It could be popping brown butter into your chocolate chip mix and throwing some sea salt on top of it (you want it, I know you do), or leafing through Gram’s dog-eared-and-butter-stained cookbooks to bring an old-fashioned date-cookie into this century, you want to make your cookies feel good. Cookie-loving doesn’t come from some gastronomic cuisine nouveau urge, it’s more like an Otis Redding-esque squeeze her, please her, never leave her uplifting of an indulgence that’s been there for you more than most significant others you’ve had. I’ve been trying to make this cookie for a while now, and I’ve screwed it up multiple times, but I’m happy where it is now. This isn’t a regular cookie; this is a coming home with a new dress and saying “put it on, we’re going out” kind of cookie. That being said, here’s how you make a rosemary and grapefruit shortbread. You’ll need:
- A stick of room temperature butter, and more to grease the pan
- 3 Tablespoons of grapefruit zest
- 3 sprigs of fresh rosemary
- 1 teaspoon vanilla extract or rosewater
- 1/3 cup powdered sugar
- 1 cup flour
- ½ tsp cayenne pepper
- 2 Tablespoons of grapefruit juice
- Pinch of kosher salt
Start out cleaning your rosemary. Don’t screw this part up; no one wants a rosemary twig in their cookie. Take the rosemary, the butter, a tablespoon and a half of the zest, the vanilla, and the sugar, put into a food processor, and combine until combined. Put your flour, salt, and cayenne into the food processor and combine until it’s like wet sand. You’ll know it when you see it. Take the dough and place it into a buttered 9” springform pan. Press it until it’s even, cover it with plastic wrap, and place in the fridge for an hour to let the butter firm for the oven. Preheat the oven to 370 and when it’s up to temp, place the pan in and cook until the edges begin to brown and separate from the edges and the center is firm, but still a soft yellow. Cook for 15-16 minutes, then pull from the oven and remove the mega-cookie from the springform pan immediately. From here you have a decision to make. Are you going to keep this cookie for yourself? If so skip the next step. If you can resist the urge to inhale a pizza-sized cookie by yourself, cut the mega-cookie into slices immediately. Giving the cookie a little time to rest, take your grapefruit juice, the rest of your zest, and some rosemary if you’re feeling it, and whisk them into a cup of powdered sugar. Use this to glaze your personal-pizza-cookie or your several shared cookies. From there, it’s time to eat.

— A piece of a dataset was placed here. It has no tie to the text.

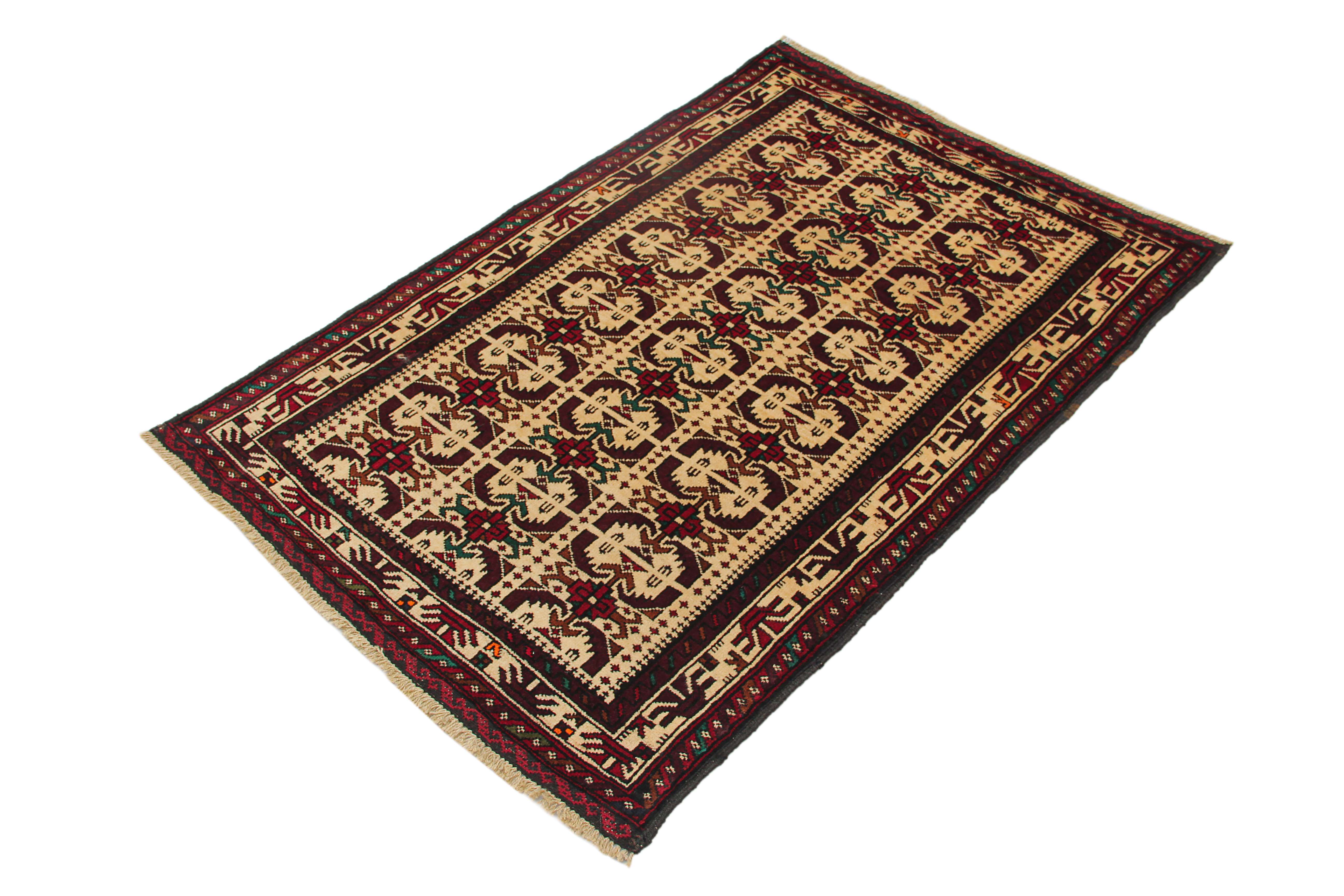 Handmade Adraskan Baluchi Afghan Rug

The acidity and bitterness of grapefruit clean through the otherwise heavy shortbread, and the butter and rosemary together in the two make you wonder why you don’t put herbs in all your baked goods (because every cookie deserves a night out on the town). Enjoy these babies at home, in the office, or use them on an actual date night, doesn’t matter; these cookies are a lady in the streets and a freak in the sweets. Enjoy.